Instructions for the task: No pictures belong in the copy. Restate the rest of the data exactly.

Supplied material:
== Segment start ==
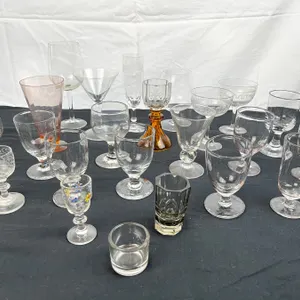 Assorted Glass and Crystal Lot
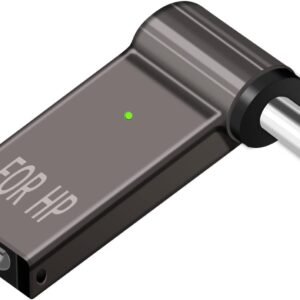 Laprite USB C to Smart Tip Connector 4.5 x 3.0mm for HP Laptop 100w PD Converter USB C to Smart Tip Connector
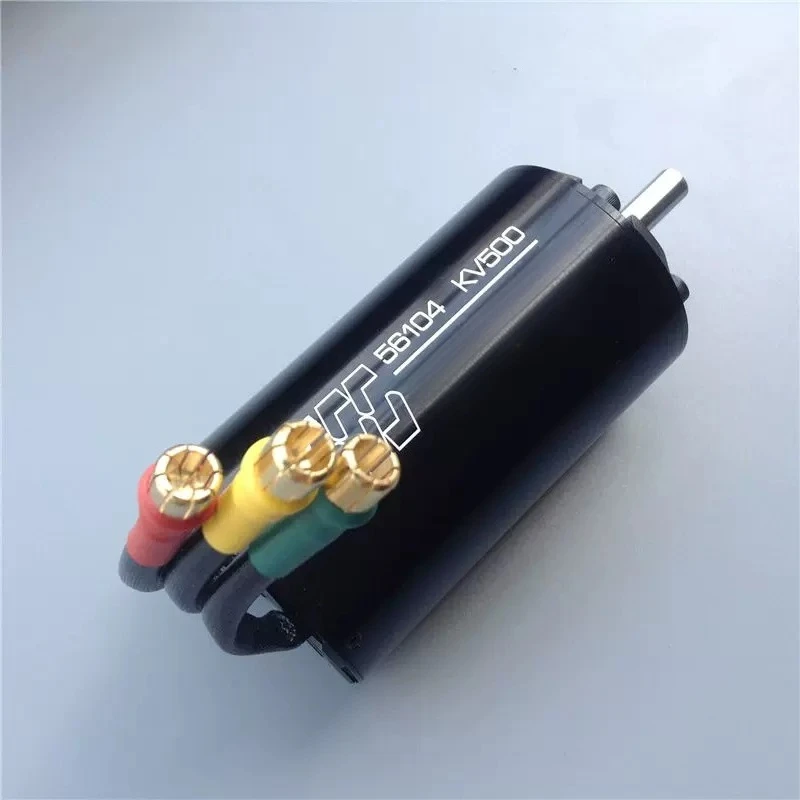Фото 6-полюсный бесщеточный двигатель для моделей лодок/автомобилей 56104 KV790 KV500 KV420 №1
== Segment end ==
Solved problem:
 Assorted Glass and Crystal Lot
 Laprite USB C to Smart Tip Connector 4.5 x 3.0mm for HP Laptop 100w PD Converter USB C to Smart Tip Connector
Фото 6-полюсный бесщеточный двигатель для моделей лодок/автомобилей 56104 KV790 KV500 KV420 №1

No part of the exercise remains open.